That looks like megacolon. By weaning age, the belly of the mouse will expand rapidly, as food impacts in the colon and/or cecum. Because these organs don't function properly, the mouse is unable to digest food properly, and ceases to grow. Megacolon is associated with the recessive spotting gene, and also with some lethal spotting genes that do not appear to exist in the fancy. I had not previously heard about it being associated with banded.

Putting them down is a blessing. If possible, select against the carriers. If that's your entire line, just be vigilant, and put down bloated babies as soon as you can. If left to be, they will fill with food, it will rot, and they will die of sepsis. It is an awful way to die.


----------



## Frizzle (Oct 6, 2011)

Ah shit... Well, here's pics from tonight. I'll have to start selecting against it the next cycle. They don't even have their eyes open, does megacolon start this early? Any reason why it's only affecting the Charlies? My starter was from Petco, so who knows what nasty things she's carrying. Can I expect it to stay with the homozygous form since that's when it's expressed itself?

These ones are all offspring from Waldo, my double striped banded male. Some look okay, but close up inspection reveals that most have the same thing going on.









Here you can see the bloated look through the back.









The general shape of the matter.









The start of the build up.









On the other side of the spectrum, these guys are offpsring from Crisps, my wide single band.

__
Sensitive content, not recommended for those under 18
Show Content










A close up on the chunkiest.


----------



## Frizzle (Oct 6, 2011)

*Warning, a bit graphic description but still educational.*

Just wanted to say that today I culled all the affected ones.
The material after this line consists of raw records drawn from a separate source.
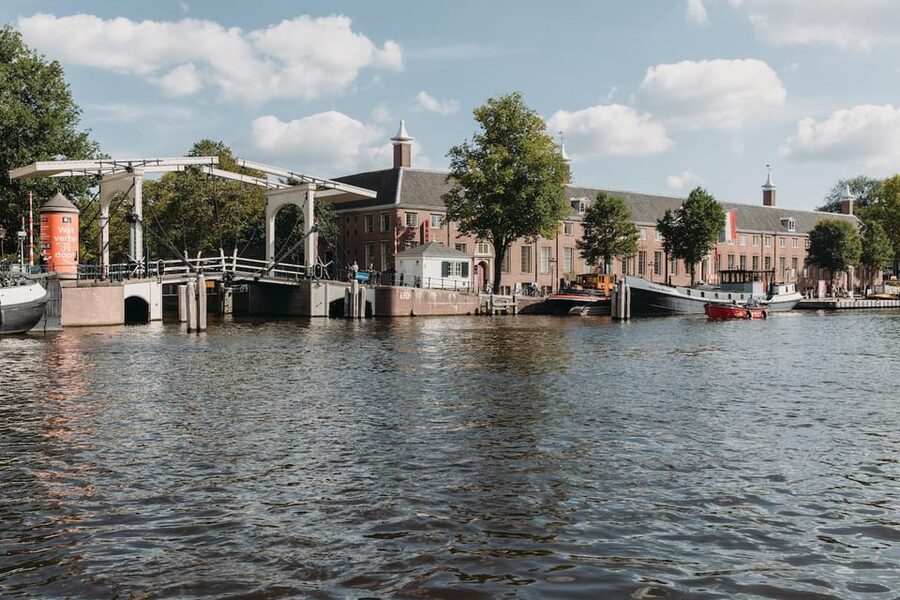 Amsterdam: H'ART Museum Entry Ticket - Accessibility and comfort: what you can plan for
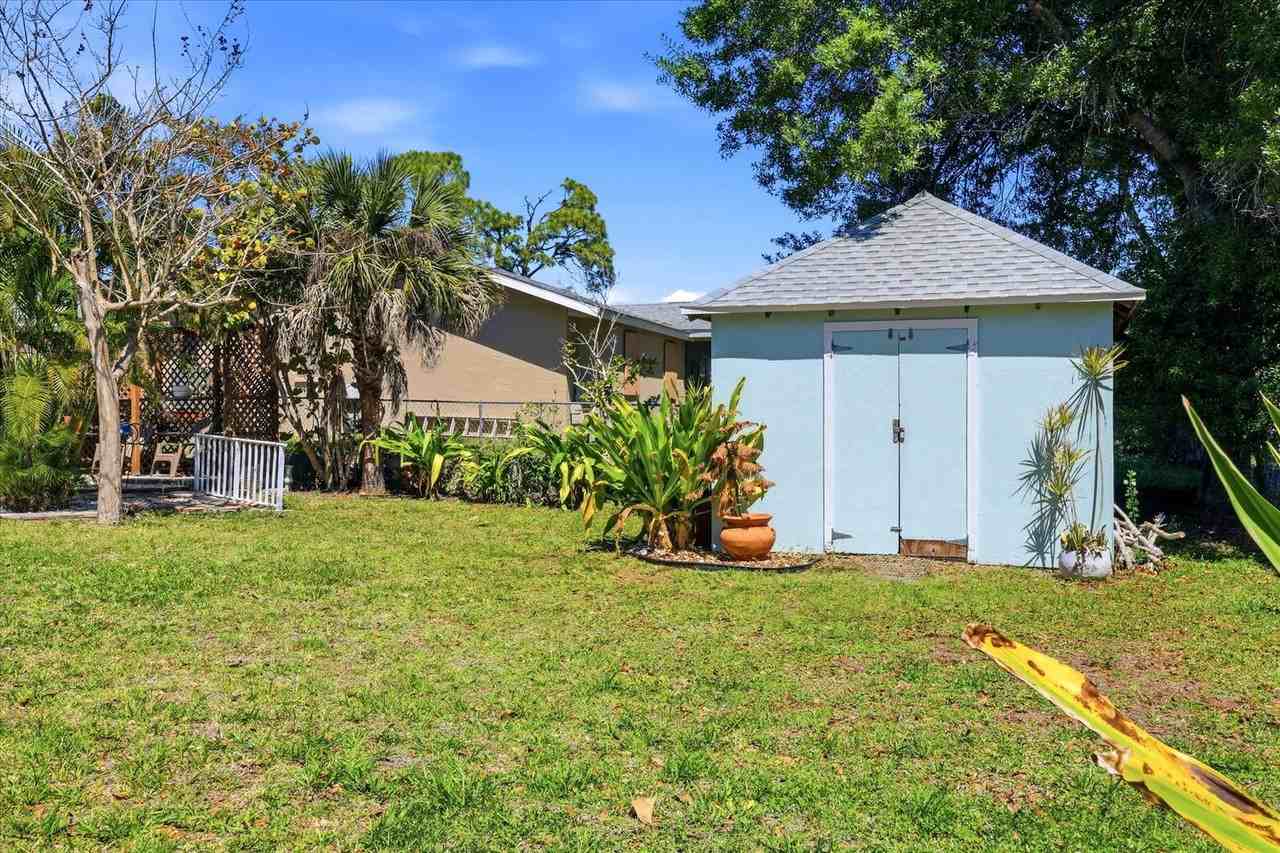 428 Court St - Photo 3 of 22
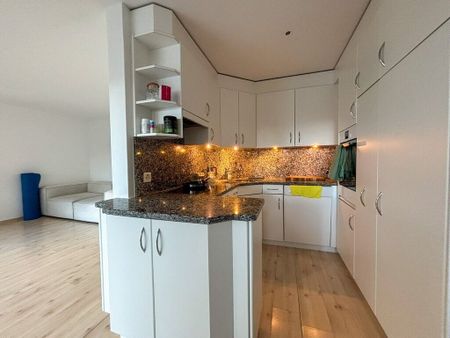 Arrive and feel good: Bright 3.5-room apartment in Felsberg - Photo 4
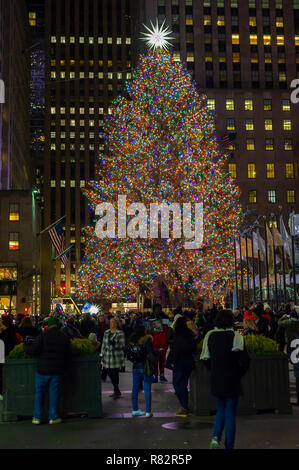 New York, New York/USA - Dezember 11, 2018 Massen der Besucher strömen zum Rockefeller Center Christmas Tree am Dienstag, 11. Dezember 2018. (© Richard B. Levine) Stockfoto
They'd gotten so bloated that one's stomach split when it hit the floor, and while usually I the mice just pee, these all defecated too, a milky/yellow thick substance. No signs in any of the other littermates, I'm thinking this really is limited to the homozygous bandeds.


----------



## Frizzle (Oct 6, 2011)

So what i've been able to dredge up pertaining to megacolon has to do with how it has a tendancy to link up with high-white animals. While it's more prevalent in pied mice, it is not specific to any varitey. Some lines it happens more frequently in, and while I can breed the precentage down, I may never entirely be free of it. Any good links? These are what I've found:

http://ratguide.com/health/digestive/megacolon.php
http://www.oxfordjournals.org/our_journals/jhered/freepdf/57-29.pdf


----------



## Pamplemousse (Apr 9, 2012)

I once had a charlie rabbit with this. Lived for a year or so but would only eat sloppy food and was chronically constipated, poor thing. I had no idea it occurred in mice.


----------



## Frizzle (Oct 6, 2011)

Hi guys! It's been... almost three months since I was last lingering around here. I guess I've been pretty busy with work/school but missed you all! Can't remember what I last updated everyone with, but I've since downsized from the 5 large sterilite bins, plus single male tanks to two large sterilite bins (adoptable pet mice in one, breeding population in the other) and one single male tank. I completely got rid of the ASFs, the rats, and the pet gps, and I'm no longer breeding for bandeds. What can I say, I've been busy. Instead have completely shifted toward getting the most pigment on the charlies.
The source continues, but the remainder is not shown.